One provision of Dodd-Frank that has flown largely under the radar since it took hold in 2011 is the "Shareholder Approval of Executive Compensation" provision, also known as "Say on Pay", meant to foster shareholder participation and promote accountability in executive pay packages. The provision was designed to give ordinary shareholders a chance to voice their approval - or disapproval - of a company's executive pay packages through non-binding votes required to occur at minimum once every three years. But the law is shaking out far differently than intended due to a number of problems.

First and foremost, institutional shareholders far outnumber individual shareholders in most companies, and generally hold hundreds or thousands of publicly traded companies in their portfolios. These hedge funds, pension funds, etc. are not about to allocate the time and resources necessary to determine whether each company they hold is shaping executive compensation appropriately. Instead, they outsource the job to "proxy advisory firms" who do the research for them, recommend how they should vote , and might even execute the voting on their behalf.

The proxy advisory industry is dominated by two companies: Institutional Shareholder Services (ISS), which controls 61 percent of market share, and Glass Lewis, which controls 37 percent. The work is highly seasonal, as most shareholder meetings are held in the spring. Yet the firms have staffs of only a few hundred full-time analysts to rapidly sort through thousands of analyses during the brief window between the time proxy statements are circulated and when votes are held.

As a result, they bolster their ranks with temporary workers, often located overseas, to process a tremendous amount of data and information in a very tight time frame. More generally, they apply uniform analytical models across thousands of companies that all but eliminate their ability to consider unique characteristics of any one company's business, regulatory or other circumstances, no matter how germane. Not surprisingly, companies have discovered a slew of errors in the analyses provided by proxy firms, yet any window to correct these errors before the recommendations become official is tiny.

In addition to promoting standardized work marked by a high occurrence of inaccuracies and flaws, the firms have an array of conflicts.
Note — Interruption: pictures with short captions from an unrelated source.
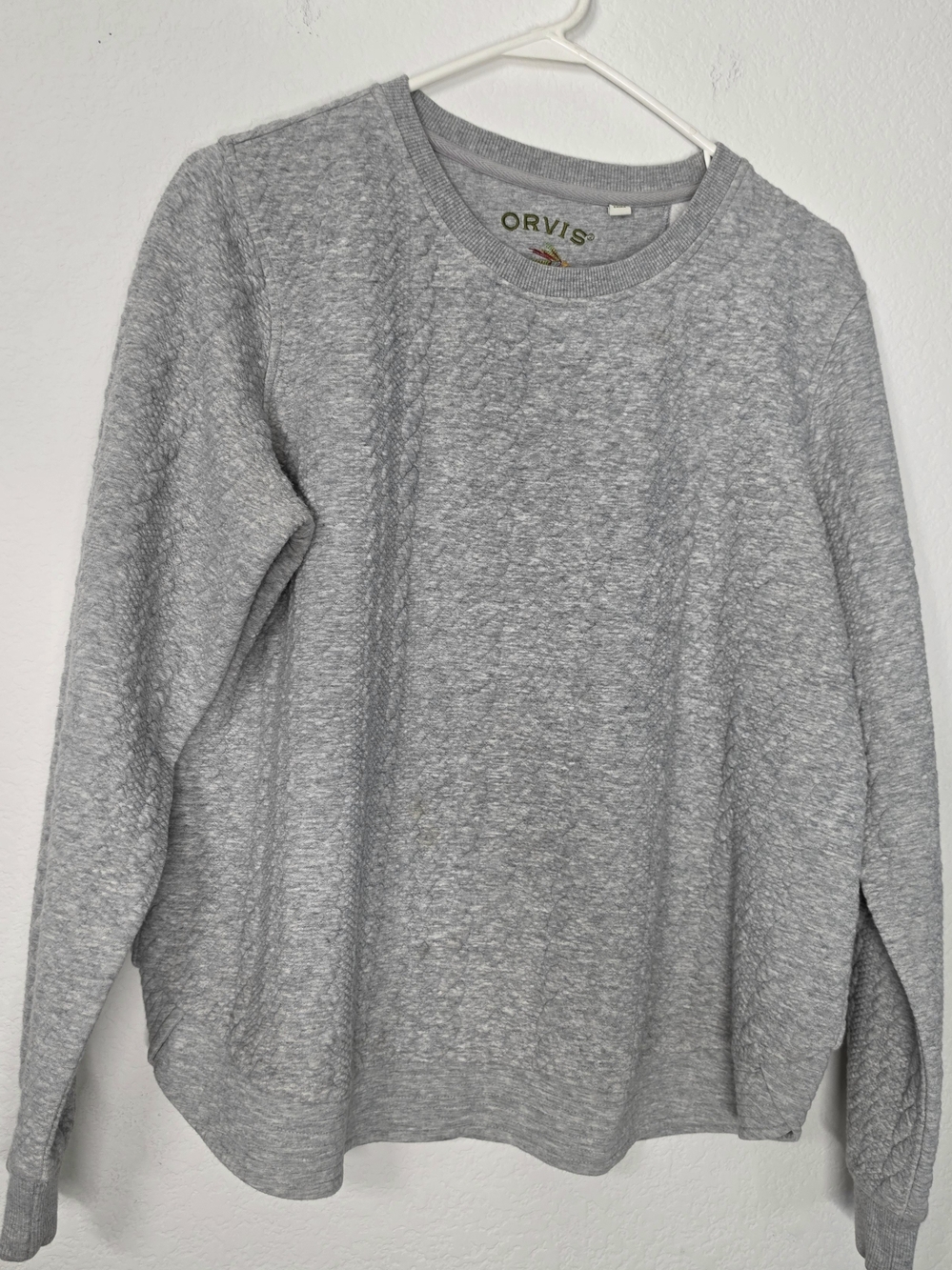 Orvis Light Heather Gray Crewneck Sweater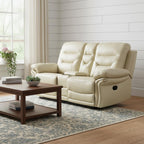 75" Beige Faux Leather Manual Reclining Love Seat With Storage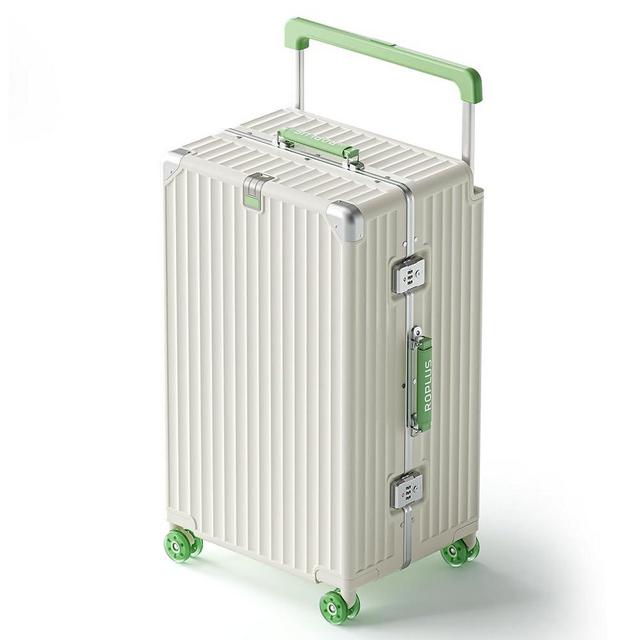ROPLUS Aluminium Frame Checked-Luggage with Smooth Jelly Wheels, Hardside Zipperless Rolling Suitcase with TSA Lock (White, 28-Inch)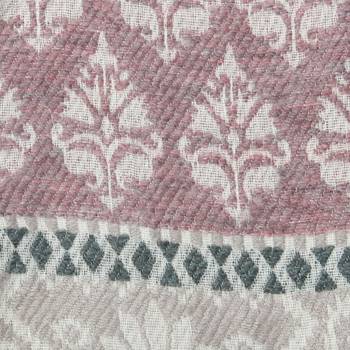 Grey & Light Mauve Woollen Blend Woven Design Abstract Geometric Shawl 4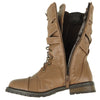 Womens Mid Calf Boots Cross Strap Buckles Combat Casual Comfort Shoes Light Brown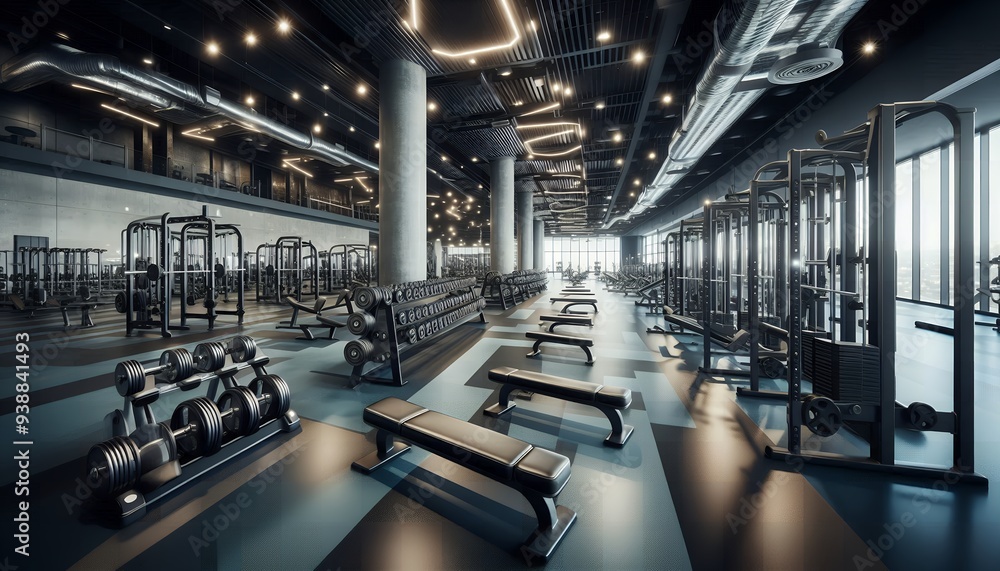 Fototapeta premium wide view of a gym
Among the most egregious is a practice conducted by ISS, which also offers corporate governance consulting services – meaning that companies on the receiving end of a ‘negative' recommendation may be advised to improve their subsequent proposal by working with ISS' own compensation consultants. Beyond ISS' consulting practice, both firms are part of much larger financial entities, calling into question the quality of analyses they perform that involve other companies in which their parent organizations have direct interests or investments.

As Rep. Barney Frank himself put it in July 2009, "It's a question of empowering the shareholders to decide the appropriate level because it's their money…". Given that Say on Pay has instead provided an extraordinary windfall to a select few companies with a host of potential conflicts and questionable analytical performance records, look for reform-minded Members of Congress to take a second glance at the provision in the 113thCongress.